- [Dataset extract]:
###

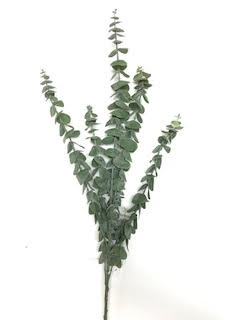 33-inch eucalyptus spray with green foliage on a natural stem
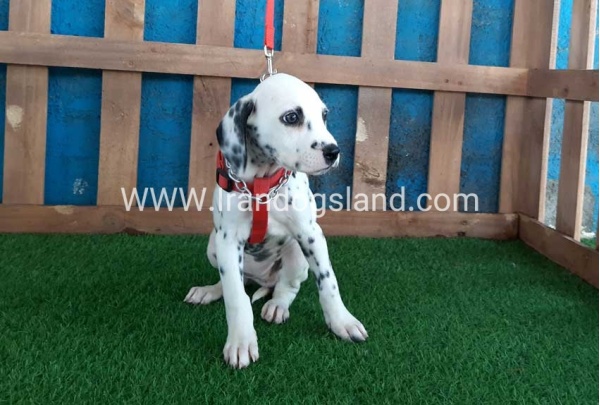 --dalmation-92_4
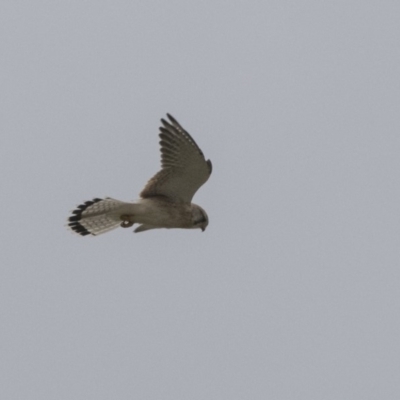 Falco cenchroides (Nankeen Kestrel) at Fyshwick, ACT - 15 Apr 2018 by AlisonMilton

###

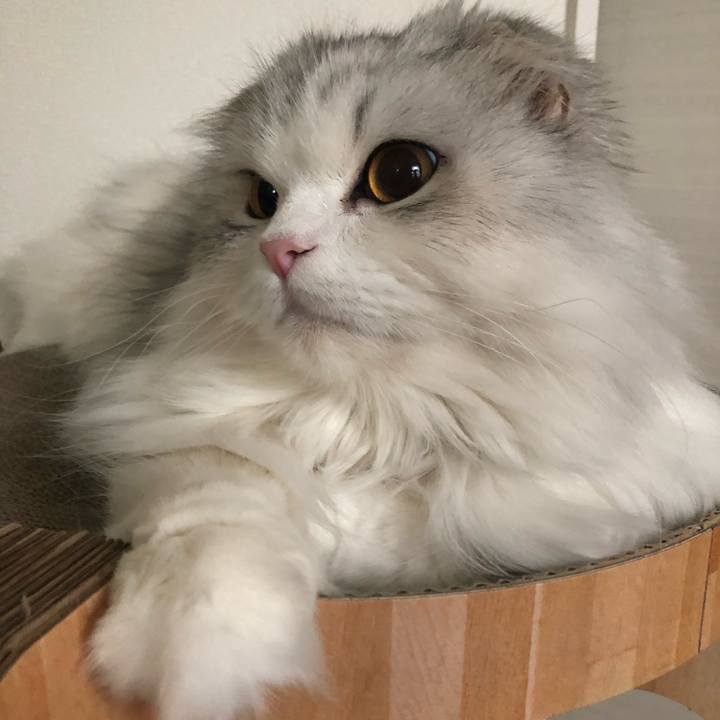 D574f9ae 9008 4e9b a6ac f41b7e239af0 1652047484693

###

- [Problem requirements]: Within the material above, only the stretch from the line holding "--dalmation-92_4" through the line holding "Falco cenchroides (Nankeen" is to be restated exactly. Pictures are dropped.

- [Response area]:
 --dalmation-92_4
 Falco cenchroides (Nankeen Kestrel) at Fyshwick, ACT - 15 Apr 2018 by AlisonMilton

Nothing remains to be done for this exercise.